**The task**
Could you copy every entry exactly, dropping the pictures?

**Information provided**
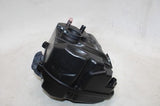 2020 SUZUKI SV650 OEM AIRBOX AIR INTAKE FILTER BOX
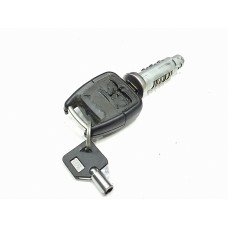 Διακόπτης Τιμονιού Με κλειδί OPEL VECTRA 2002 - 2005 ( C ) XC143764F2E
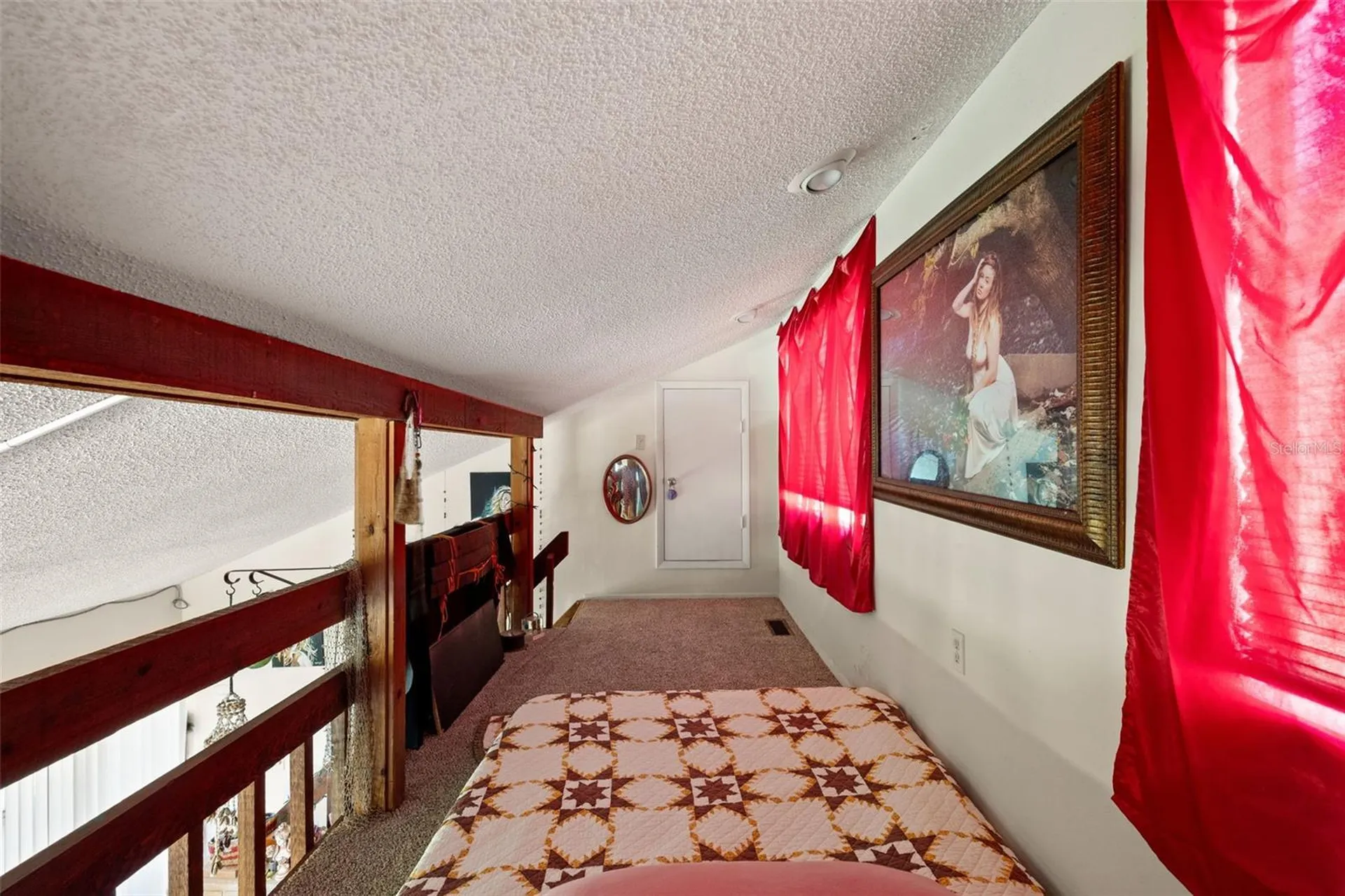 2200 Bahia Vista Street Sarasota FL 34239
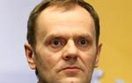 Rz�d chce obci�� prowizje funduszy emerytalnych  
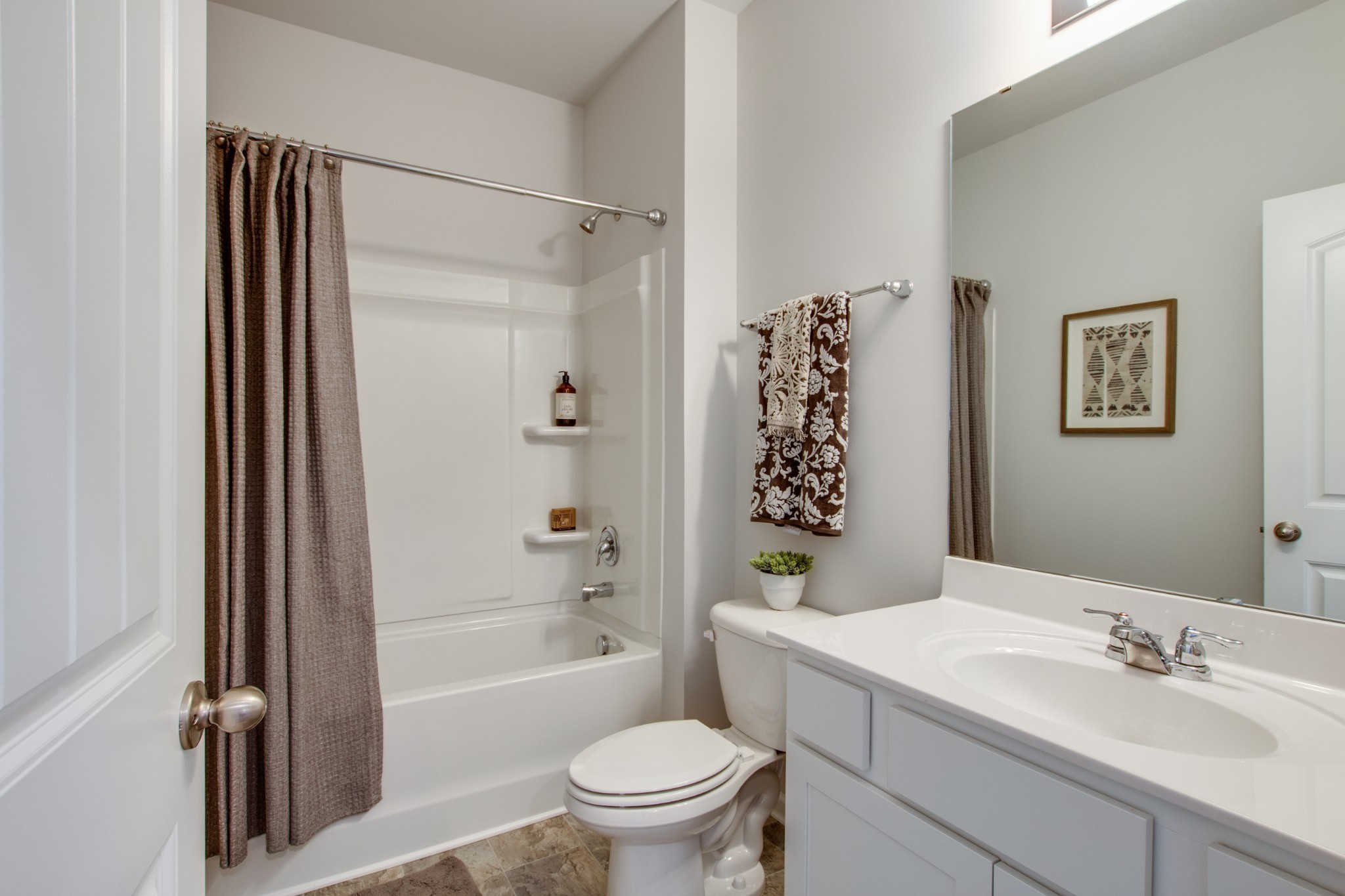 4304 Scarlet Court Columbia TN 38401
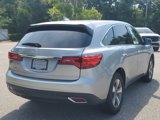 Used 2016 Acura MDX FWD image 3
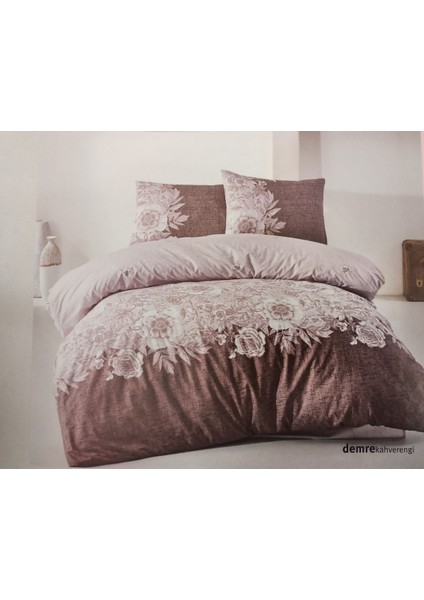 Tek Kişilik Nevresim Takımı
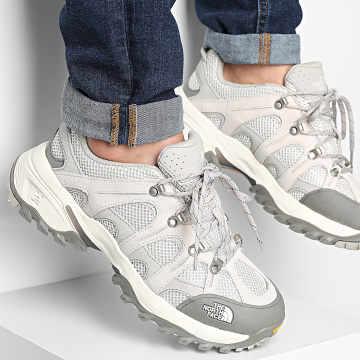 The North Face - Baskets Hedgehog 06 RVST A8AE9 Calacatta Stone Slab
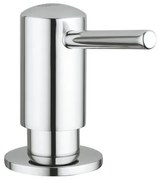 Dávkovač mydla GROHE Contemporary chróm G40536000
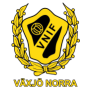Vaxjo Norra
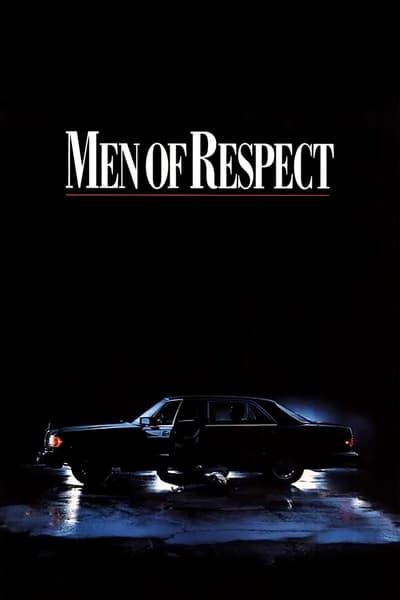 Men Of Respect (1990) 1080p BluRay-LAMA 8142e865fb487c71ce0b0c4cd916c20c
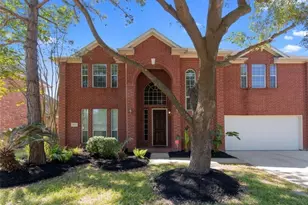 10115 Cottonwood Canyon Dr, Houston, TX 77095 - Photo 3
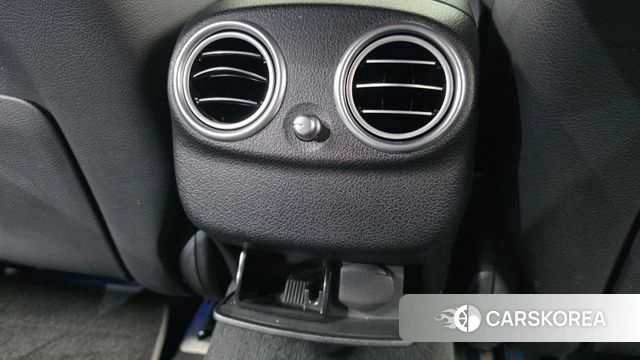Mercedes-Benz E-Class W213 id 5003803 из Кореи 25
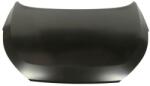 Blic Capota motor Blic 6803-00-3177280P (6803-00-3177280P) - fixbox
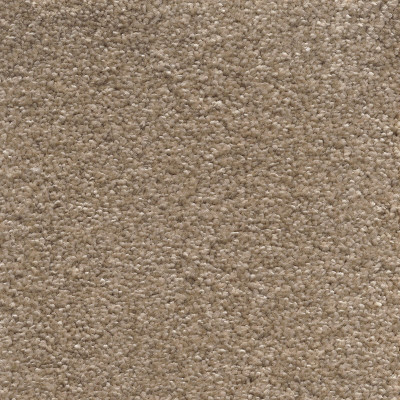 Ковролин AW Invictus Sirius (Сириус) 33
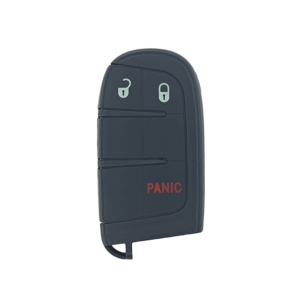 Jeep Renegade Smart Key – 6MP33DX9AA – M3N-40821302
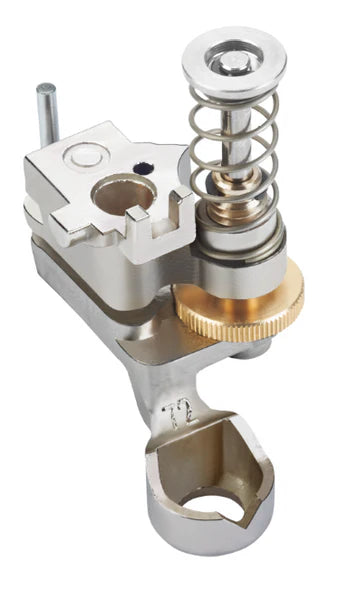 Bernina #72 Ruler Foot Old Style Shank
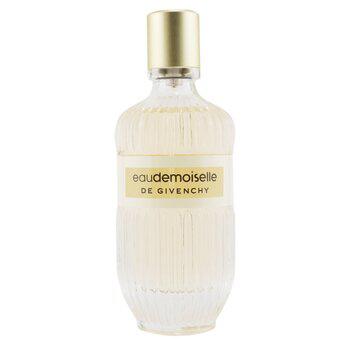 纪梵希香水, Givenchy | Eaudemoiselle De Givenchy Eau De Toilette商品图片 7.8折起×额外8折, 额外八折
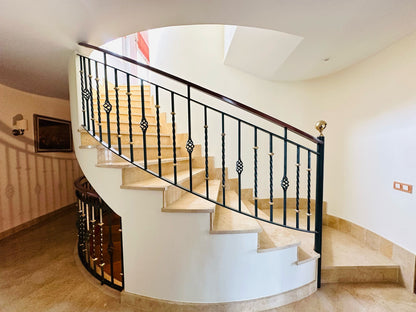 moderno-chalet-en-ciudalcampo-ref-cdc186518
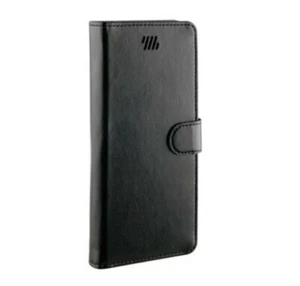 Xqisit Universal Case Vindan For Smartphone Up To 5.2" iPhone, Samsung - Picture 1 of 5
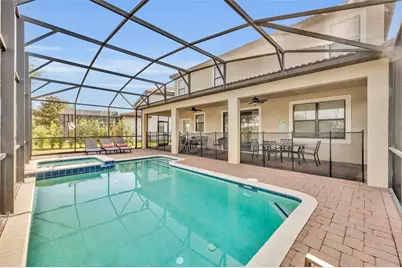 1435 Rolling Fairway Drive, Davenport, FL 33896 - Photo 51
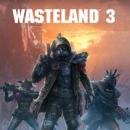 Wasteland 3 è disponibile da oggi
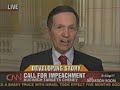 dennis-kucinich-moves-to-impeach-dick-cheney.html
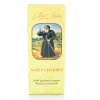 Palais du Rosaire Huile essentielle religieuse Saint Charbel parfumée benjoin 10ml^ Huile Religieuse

**Solution to the exercise**
 2020 SUZUKI SV650 OEM AIRBOX AIR INTAKE FILTER BOX
 Διακόπτης Τιμονιού Με κλειδί OPEL VECTRA 2002 - 2005 ( C ) XC143764F2E
 2200 Bahia Vista Street Sarasota FL 34239
 Rz�d chce obci�� prowizje funduszy emerytalnych  
 4304 Scarlet Court Columbia TN 38401
 Used 2016 Acura MDX FWD image 3
 Tek Kişilik Nevresim Takımı
 The North Face - Baskets Hedgehog 06 RVST A8AE9 Calacatta Stone Slab
 Dávkovač mydla GROHE Contemporary chróm G40536000
Vaxjo Norra
 Men Of Respect (1990) 1080p BluRay-LAMA 8142e865fb487c71ce0b0c4cd916c20c
 10115 Cottonwood Canyon Dr, Houston, TX 77095 - Photo 3
Mercedes-Benz E-Class W213 id 5003803 из Кореи 25
 Blic Capota motor Blic 6803-00-3177280P (6803-00-3177280P) - fixbox
 Ковролин AW Invictus Sirius (Сириус) 33
 Jeep Renegade Smart Key – 6MP33DX9AA – M3N-40821302
 Bernina #72 Ruler Foot Old Style Shank
 纪梵希香水, Givenchy | Eaudemoiselle De Givenchy Eau De Toilette商品图片 7.8折起×额外8折, 额外八折
 moderno-chalet-en-ciudalcampo-ref-cdc186518
 Xqisit Universal Case Vindan For Smartphone Up To 5.2" iPhone, Samsung - Picture 1 of 5
 1435 Rolling Fairway Drive, Davenport, FL 33896 - Photo 51
 Wasteland 3 è disponibile da oggi
 dennis-kucinich-moves-to-impeach-dick-cheney.html
 Palais du Rosaire Huile essentielle religieuse Saint Charbel parfumée benjoin 10ml^ Huile Religieuse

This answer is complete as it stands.